This program tests TSQR::Combine, which implements the computational
kernels used to construct all TSQR variants.  TSQR (Tall Skinny QR)
computes the QR factorization of a tall and skinny matrix (with many
more rows than columns) distributed in a block row layout across one
or more processes.  TSQR::Combine implements the following kernels:

* factor_pair: compute QR factorization in place of $[R_1; R_2]$,
  where $R_1$ and $R_2$ are both square upper triangular matrices

* apply_pair: apply the $Q$ factor computed by factor_pair and stored
  implicitly, to a matrix $C$

* factor_inner: compute QR factorization in place of $[R; A]$, where
  $R$ is square and upper triangular, and $A$ is a general dense
  matrix

* apply_inner: apply the $Q$ factor computed by factor_inner and
  stored implicitly, to a matrix $C$

TSQR::Combine also has the factor_first and apply_first methods, but
these are just wrappers around the LAPACK routines _GEQRF(P) resp.
_ORMQR.  (The underscore _ can be one of the following letters: S, D,
C, Z.  It represents the type of the input Scalar data.)  This program
does not test these methods.

This program will test all four of the kernels mentioned above, for
two different "back-end" implementations of TSQR::Combine:
CombineNative, which is a native C++ implementation that works
entirely in place, and CombineDefault, which is a wrapper around
LAPACK routines and works by copying data in and out of internally
allocated and maintained scratch space.  If you build Trilinos with
Fortran support and enable the CMake Boolean option
KokkosClassic_ENABLE_TSQR_Fortran, a third back-end implementation, CombineFortran,
will also be tested.  It is a Fortran 2003 version of CombineNative.
(Note that you will need a Fortran 2003 - compliant compiler in order
to build CombineFortran.)

By default, TSQR::Combine will only be tested with real arithmetic
Scalar types (currently, float and double, corresponding to LAPACK's
"S" resp. "D" data types).  If you build Trilinos with complex
arithmetic support (Teuchos_ENABLE_COMPLEX), and invoke this program
with the "--complex" option, complex arithmetic Scalar types will also
be tested (currently, std::complex<float> and std::complex<double>,
corresponding to LAPACK's "C" resp. "Z" data types).
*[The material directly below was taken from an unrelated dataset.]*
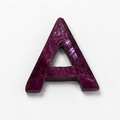 A single uppercase letter A cut from a deep magenta-purple stone, shown on a plain white background.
This program tests the four kernels in pairs: (factor_pair,
apply_pair), and (factor_inner, apply_inner).  It does so by computing
a QR factorization of a test problem using factor_*, and then using
apply_* to compute the explicit version of the Q factor (by applying
the implicitly stored $Q$ factor to columns of the identity matrix).
That means it is only testing applying $Q$, and not $Q^T$ (or $Q^H$,
the conjugate transpose, in the complex-arithmetic case).  This
exercises the typical use case of TSQR in iterative methods, in which
the explicit $Q$ factor is desired in order to compute a
rank-revealing decomposition and possibly also replace the null space
basis vectors with random data.

This program can test accuracy ("--verify") or performance
("--benchmark").  For accuracy tests, it computes both the
orthogonality $\| I - Q^* Q \|_F$ and the residual $\| A - Q R \|_F$.
For performance tests, it repeats the test with the same data for a
number of trials (specified by the "--ntrials=<n>" command-line
option).  This ensures that the test is performed with warm cache, so
that kernel performance rather than memory bandwidth is being
measured.